Mag is an optionally typed, object-oriented programming language with patterns, classes and multimethods.
A simple example showing some code for a (very inefficent) recursive Fibonacci function can be defined like this using multimethods:
def fib(0) 0
def fib(1) 1
def fib(n Int) fib(n - 2) + fib(n - 1)
This defines the same fib
method multiple times, which is okay since the method signatures differ between the implementations, replacing the need for a separate conditional check inside the function.
More documentation will follow in the future, and make sure to check out Robert Nystrom's blog posts about Magpie for further information. His posts serve as the foundational inspiration for this project.
The parser and compiler structures use a modular, trait-based architecture with structs which handle the actual translation, which means that the actual interpretation of semantics is dynamic and may be extended by Mag code at runtime using a special parselet, a concept which could even be extended to compilation and execution to provide a very flexible programming environment.
Patterns are not just used in Rust-like match
expresions, they are actually dispersed throughout the whole language fabric of mag
and magc
, where it is used for method arguments, variable destructuring, error reporting and many other useful things.
Enough fuzzy talk, let's start a REPL from the command line to get this project up and running.
Run the following command from the project root to start the REPL:
cargo run
Try to enter simple arithmetic expressions like 1 + 2
or 3 * 7
to see the execution pipeline in action. Expect a lot of bugs for now!

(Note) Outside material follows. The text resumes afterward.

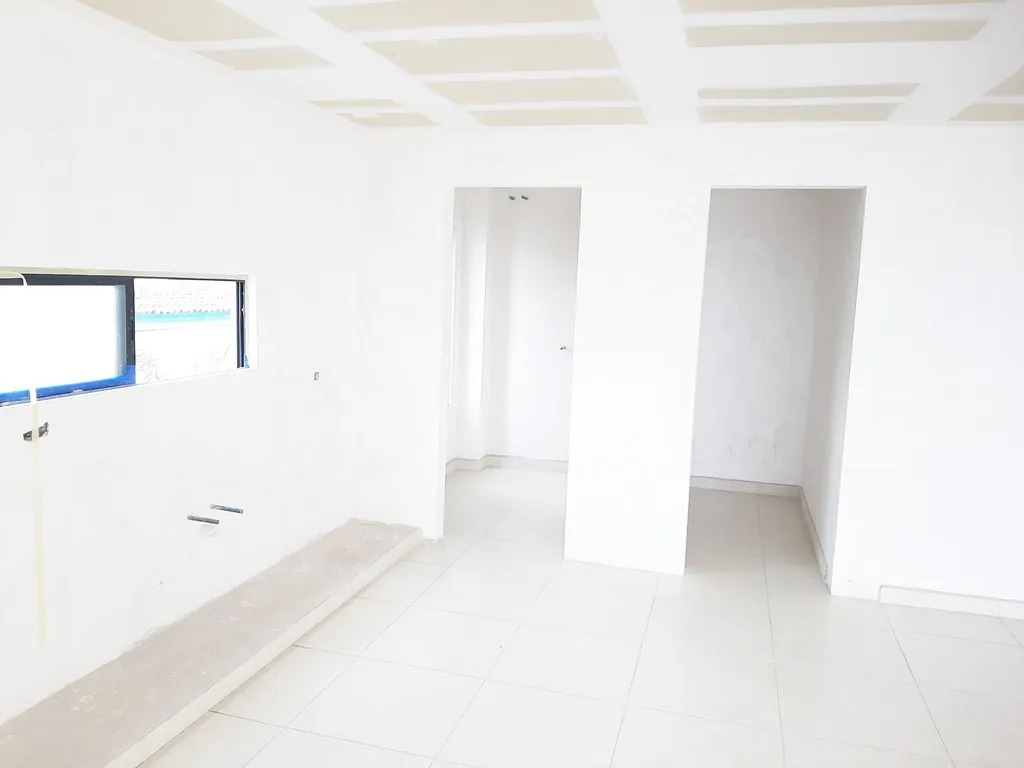 cuarto de lavado muy iluminado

Mag is based on the Magpie language by Robert Nystrom, who is a language engineer at Google with a blog and a lot of amazing ideas. His various blog posts are what started and inspired this project, and I plan on continuing his legacy even if the original codebase ceases further development.
However, since there are a few syntactical differences to the original Magpie language, the two languages are source-incompatible and thus have different names. In particular, Bob's implementation substitutes the dot commonly used for calling methods on objects with a space (usually a meaningless character), which I find rather unintuitive, especially for new programmers.